(Brief descriptive captions)

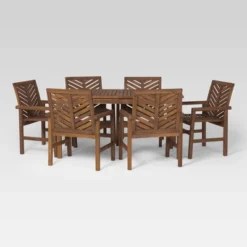 New Release 17 7pc Slatted Chevron Acacia Patio Dining Set - Saracina Home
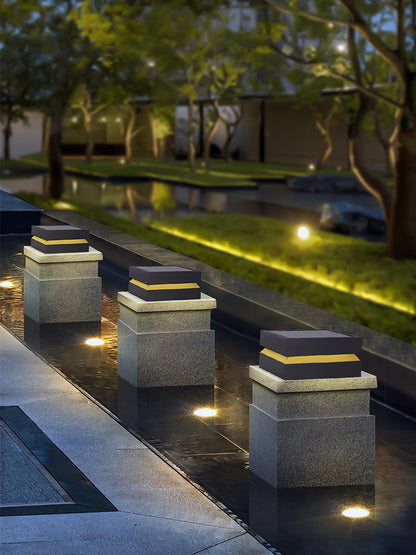 Sandblast Square Black Outdoor Post Light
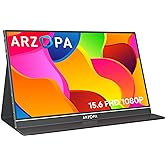 ARZOPA Portable Monitor, 15.6 Inch 1080 FHD Tragbarer Monitor with External HDR Eye Care Screen and HDMI/Type-C/USB-C, for La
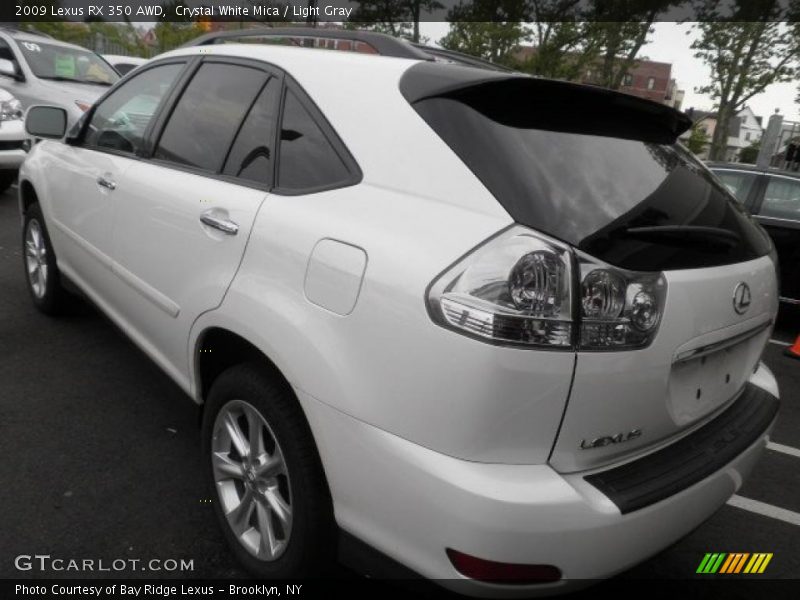 Crystal White Mica / Light Gray 2009 Lexus RX 350 AWD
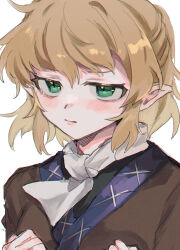 Rule 34 | 1girl, absurdres, black shirt, blonde hair, blush, breasts, brown shirt, closed mouth, expressionless, green eyes, highres, looking at viewer, medium breasts, mizuhashi parsee, one-hour drawing challenge, plumapple3, pointy ears, portrait, scarf, shirt, short hair, simple background, solo, touhou, undershirt, white background, white scarf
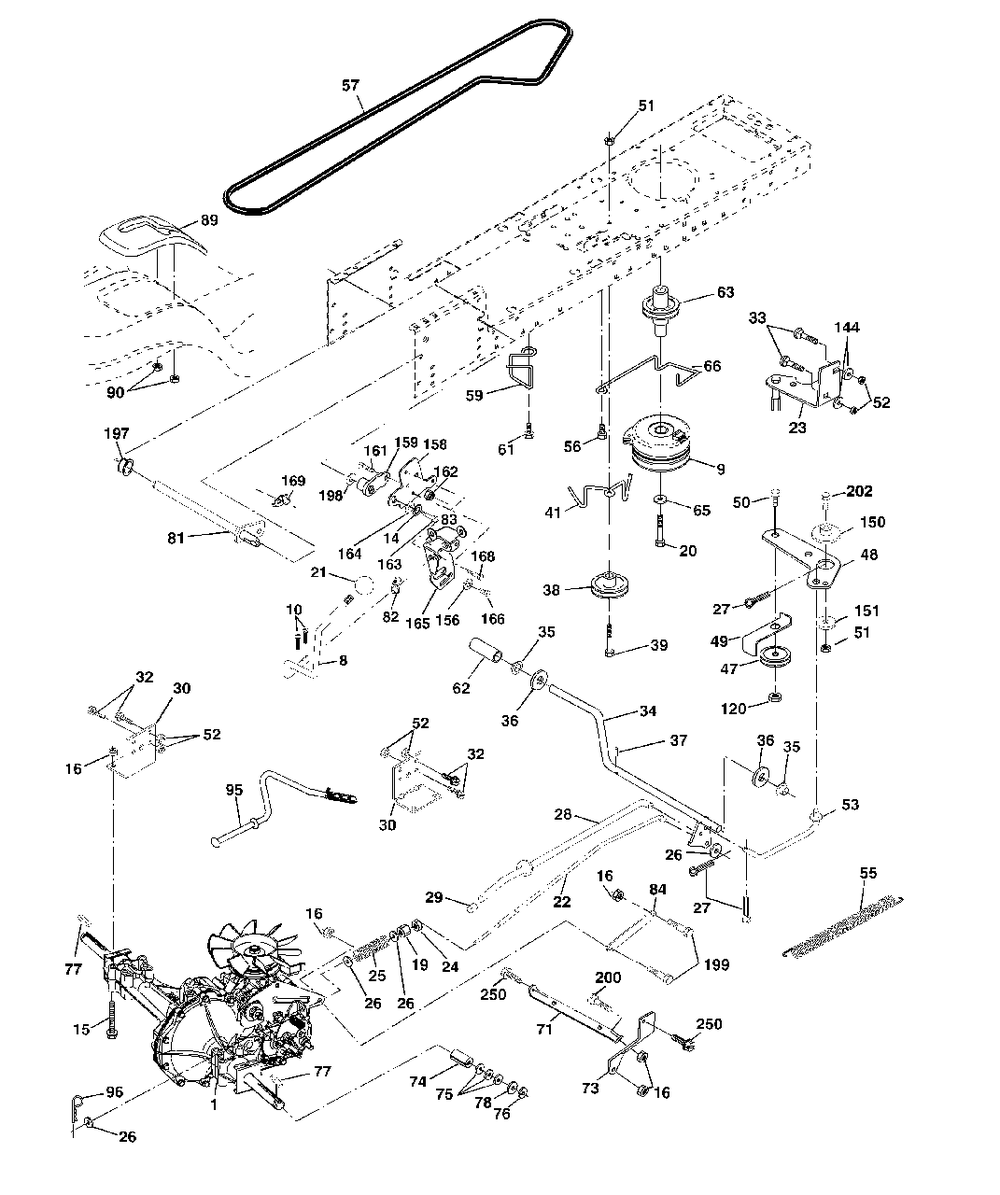 Drive Diagram and Parts List for YTH1542XP (954567253-F)(2002-02) Husqvarna Lawn Tractor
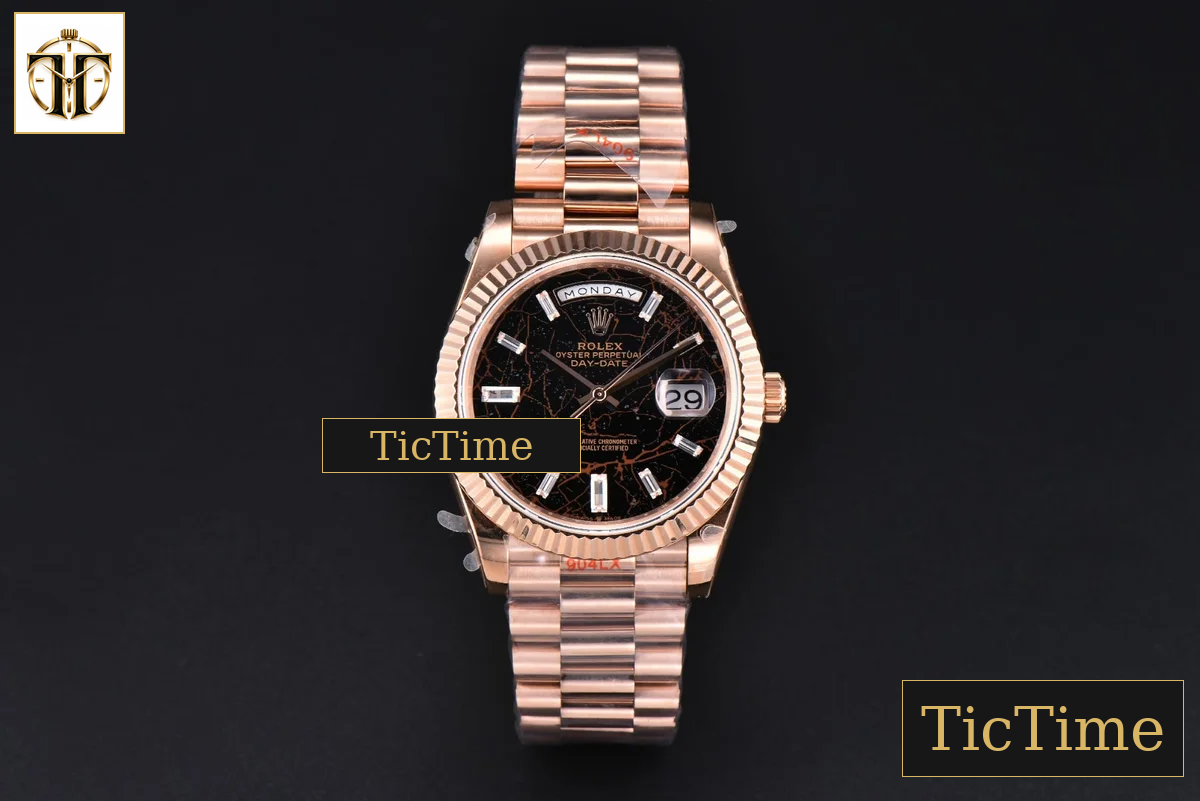DayDate Tungsten 40mm GMF RG Sinople Dial Diamond Marker President Bracelet 165g VR3255 — foto 3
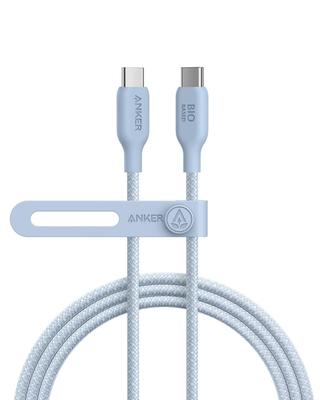 Anker Cable Szaro-niebieski Kompatybilny z Galaxy iPad MacBook USB-C i USB-C (240 W, ekologiczny nylon) 1,8 m Pro/Powietrze Pro/Powietrze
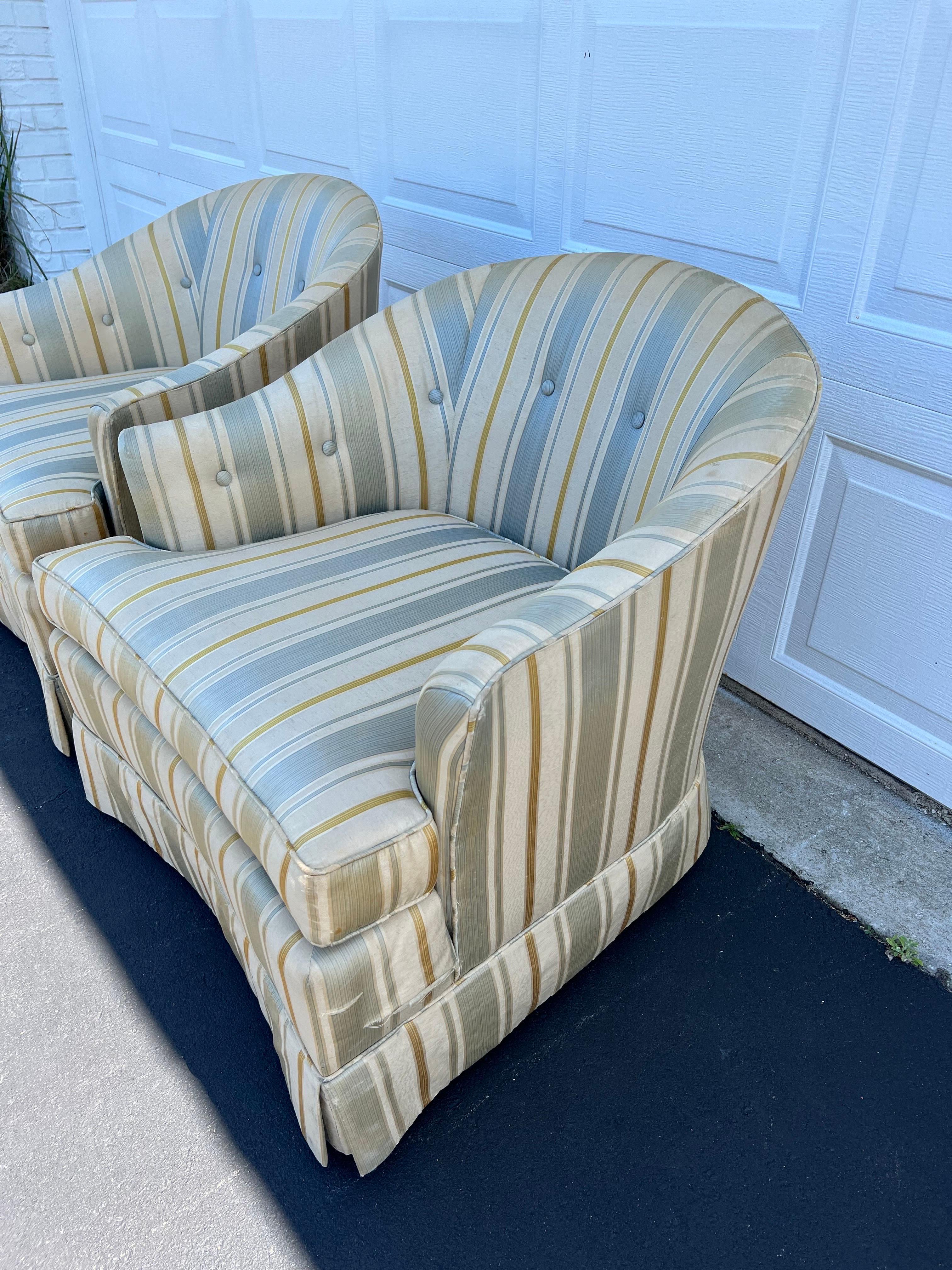Pair of Silk Club Chairs by Drexel Heritage 13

What to do: Only the lines from the one that holds "DayDate Tungsten 40mm" through the end of the records above should be printed again, exactly as they are. Leave out the pictures.

Response to this exercise:
DayDate Tungsten 40mm GMF RG Sinople Dial Diamond Marker President Bracelet 165g VR3255 — foto 3
 Anker Cable Szaro-niebieski Kompatybilny z Galaxy iPad MacBook USB-C i USB-C (240 W, ekologiczny nylon) 1,8 m Pro/Powietrze Pro/Powietrze
Pair of Silk Club Chairs by Drexel Heritage 13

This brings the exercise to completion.